Neuland sind Großevents für die Stadt nicht. Jährlich findet das Welser Volksfest auf dem lokalen Messegelände statt, Gaudi, Bier, Wein und Tracht. 2010 pilgerten rund 100.000 AC/DC-Fans auf den Flugplatz. Die Welserinnen und Welser nutzen die Gunst der Stunde, um ihre Gärten in „Snackbars“ umzuwandeln, musikalisch wie finanziell zu profitieren.
Gaudi, Bier und Tracht
Im Verbund mit Linz, so ist in Wels derzeit öfter zu hören, sei also auch das ESC-Spektakel zu stemmen. Hotellerie, Gastronomie und Kultur auf der einen, Messegelände, Lederwaren-Museum und Tierpark mit rotem Rattenkänguru auf der anderen Seite. Der Welser FPÖ-Bürgermeister Andreas Rabl sagt auf Nachfrage: „Bilder sagen mehr als 1000 Worte. Und wir wissen, dass die Bilder, die im Rahmen eines Song Contests entstehen, in die ganze Welt übertragen werden. Das hätte für Wels und Linz, für ganz Oberösterreich, touristisch eine sehr große Bedeutung.“
Ende des Jahres soll die neue Messehalle in Wels fertig werden.

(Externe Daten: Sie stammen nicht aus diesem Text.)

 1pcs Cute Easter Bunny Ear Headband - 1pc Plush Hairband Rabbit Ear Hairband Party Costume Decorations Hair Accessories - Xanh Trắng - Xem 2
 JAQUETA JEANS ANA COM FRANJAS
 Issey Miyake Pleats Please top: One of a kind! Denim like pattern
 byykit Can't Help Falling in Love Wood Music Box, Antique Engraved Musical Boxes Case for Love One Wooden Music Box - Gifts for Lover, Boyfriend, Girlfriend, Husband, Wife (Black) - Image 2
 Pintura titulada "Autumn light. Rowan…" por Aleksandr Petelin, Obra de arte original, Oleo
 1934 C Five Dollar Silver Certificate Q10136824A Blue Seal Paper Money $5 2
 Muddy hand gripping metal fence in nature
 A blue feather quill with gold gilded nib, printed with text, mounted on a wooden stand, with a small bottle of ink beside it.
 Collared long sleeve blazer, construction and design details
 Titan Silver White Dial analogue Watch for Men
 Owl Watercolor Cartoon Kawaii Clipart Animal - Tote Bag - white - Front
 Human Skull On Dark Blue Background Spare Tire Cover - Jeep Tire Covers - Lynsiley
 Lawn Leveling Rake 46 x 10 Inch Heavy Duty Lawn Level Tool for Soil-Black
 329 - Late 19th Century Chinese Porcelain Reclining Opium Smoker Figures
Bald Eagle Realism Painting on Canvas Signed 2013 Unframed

Das Problem an Rabls überfliegerischen Plänen: Die Messehalle, in der sich das ESC-Spektakel abspielen sollte, ist längst nicht fertiggestellt. Laut Rabl kein Grund zur Sorge: „Mit Jahreswechsel ist die Messehalle fertig. Und im Mai, wenn der Song Contest stattfinden wird, ist sie bereits erprobt. Im März findet die Energiesparmesse, die größte Welser Messe und damit die Feuerprobe, statt.“
United By Music? Ausgerechnet in Wels? Die Freiheitlichen hatten in der Vergangenheit immer wieder Probleme mit dem Song Contest. Im Wahlprogramm für die Nationalratswahl 2024 wollte man die „Ausgaben für Kulturschaffende“ noch evaluieren; es sei nicht einzusehen, dass „woke Events“ wie der „sogenannte ‚Song Contest‘ mit Zwangsabgaben finanziert“ würden. FPÖ-Kultursprecher Wendelin Mölzer legte erst kürzlich in einer Presseaussendung nach: „Zu befürchten ist, dass es wieder ein queeres, links-wokes Spektakel in Wien werden wird.“
Im März findet die Energiesparmesse und damit die Feuerprobe statt.
Andreas Rabl
FPÖ-Bürgermeister von Wels
Erlebt das freiheitliche Wels also gerade den ESC-Honeymoon? „Ich kann Ihnen nur eines sagen“, versichert Bürgermeister Rabl: „Musik verbindet. Es geht ja bei einem Song Contest nicht um irgendwelche ideologischen Streitigkeiten, sondern die Kandidaten treten im Wettbewerb um das beste Lied an. Insofern möchte ich mich nicht an ideologischen Auseinandersetzungen beteiligen, sondern allein über ein musikalisches Vergnügen diskutieren.“ Mit ein wenig Glück kommt irgendwann vielleicht der echte Harry Styles nach Wels oder Oberwart. Good Evening, Europe! Oberwart calling!